Republican and Democratic governors are faced with the prospect of raising taxes mostly because they badly overestimated how much revenue they would lose from smaller capital-gains taxes but also because of tax-cut decisions at the federal level. This is not an endorsement for Maine’s governor to follow this pattern; each state’s situation is different. What they have in common is a federal government, which has already passed down two major unfunded mandates in the forms of education testing and homeland security, about to make their problems worse.

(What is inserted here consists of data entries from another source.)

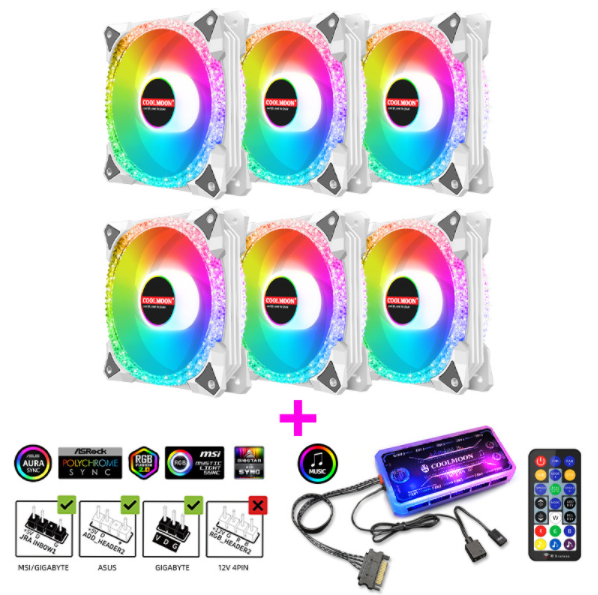 COOLMOON AS2 Case Fan 12cm Dual Aperture Desktop Computer Cooling Silent RGB Fan (Magic Diamond White 6pcs + Music ARGB Controller Set)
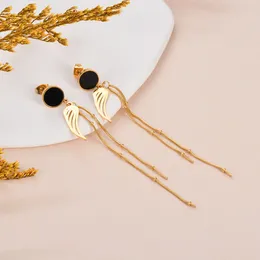 Stud Earrings 1Pair Gold Colour Snake Chain Tassel Angel Wing Stainless Steel Fashion Trendy For Women Gifts Jewellery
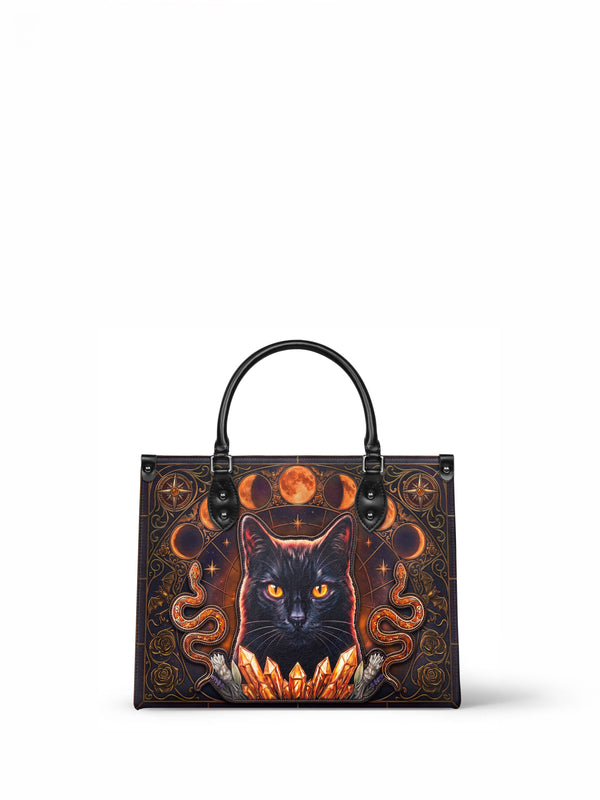 "Hexacat" Applique Leather Handbag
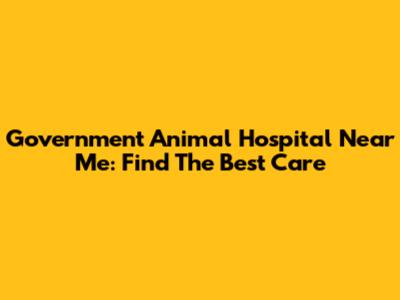 Government Animal Hospital Near Me: Find The Best Care
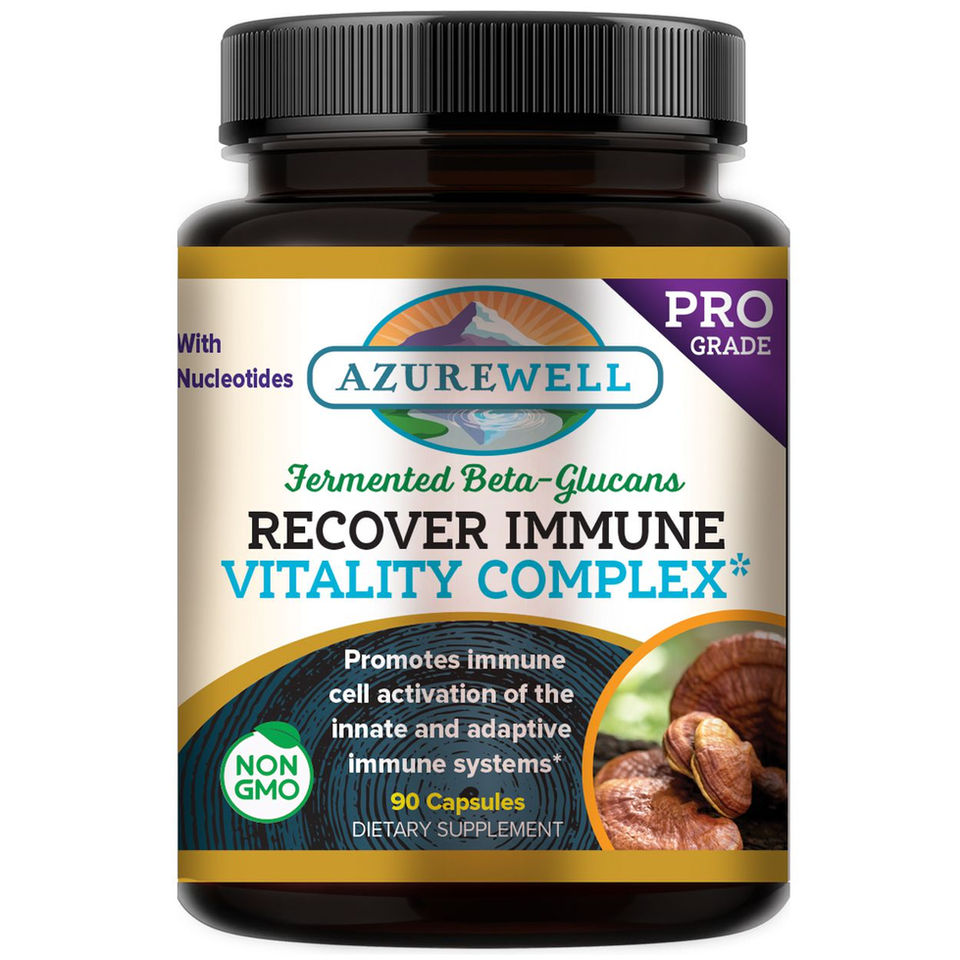 Black plastic bottle of AzureWell Recover Immune Vitality Complex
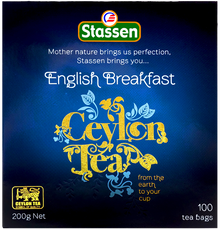 Opakowanie herbaty czarnej English Breakfast Stassen 100 saszetek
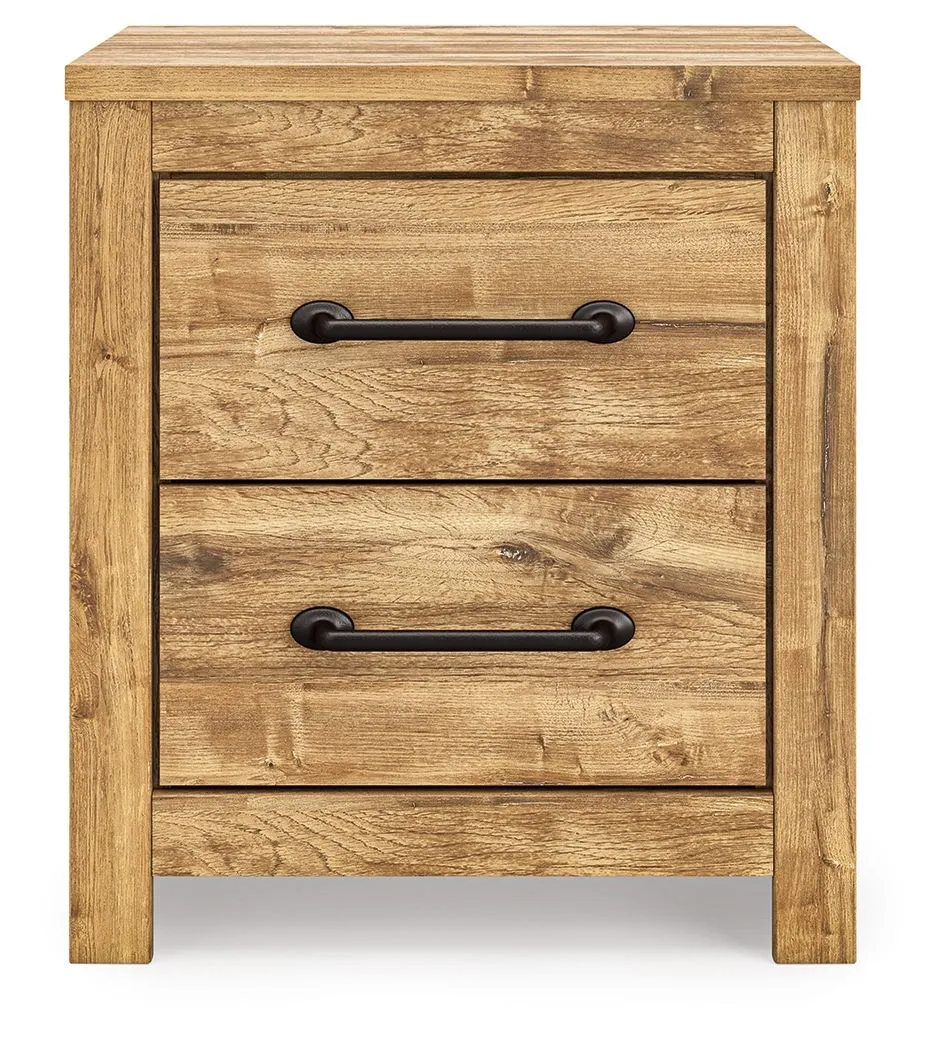 Maystonna Brown Two Drawer Nightstand - Image 3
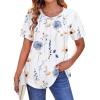 Zeagoo Womens Casual T Shirts for Summer 2025 Short Sleeve Crewneck Tunic Shirts Floral Print Tops Pleated Dressy Blouse(White Floral)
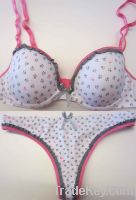 Girls fancy print moulded cup bra & string set selling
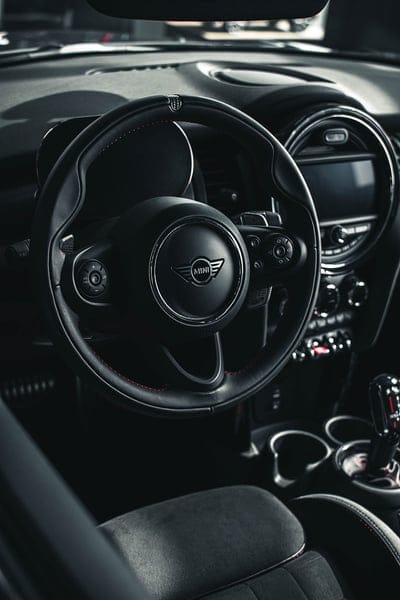 mini, car, steering wheel, seats, salon, black, mobile wallpaper, android wallpaper, iPhone wallpaper, phone wallpaper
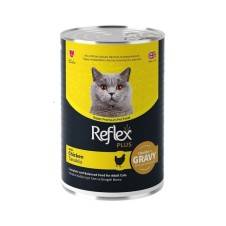 Reflex Plus Sos İçinde Et Parçacıklı Tavuklu Yet.Kedi 400Gr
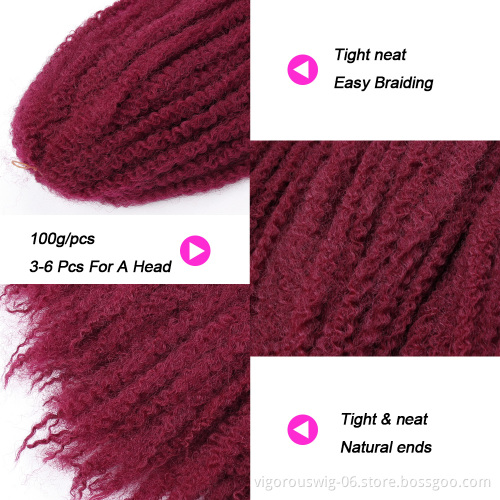 Vigorous Marley Braid Ombre Braiding Hair Extensions Soft Afro Kinky Natural for Braids18 inch Synthetic Crochet Braids Hair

States, of course, cannot run deficits the way the federal government can and so cannot cut taxes and push off the cost of doing so to future taxpayers. Maine Sen. Olympia Snowe said she is concerned about the effect of the tax cut on states; Sen. Susan Collins says she wants fiscal relief to the states included as part of the stimulus bill and last week proposed with other senators a substantial increase in the federal

Medicaid reimbursement rate, worth $128 million to Maine over 18 months.

Without regard to whether the stimulus plan would work, the cost to states as it stands is serious and comes at a terrible time. Congress should include in any package of cuts, at a minimum, short-term protection for the states, either in the choices of tax cuts, through grants or, as Sen. Collins has proposed, increased funding in other areas, such as Medicaid.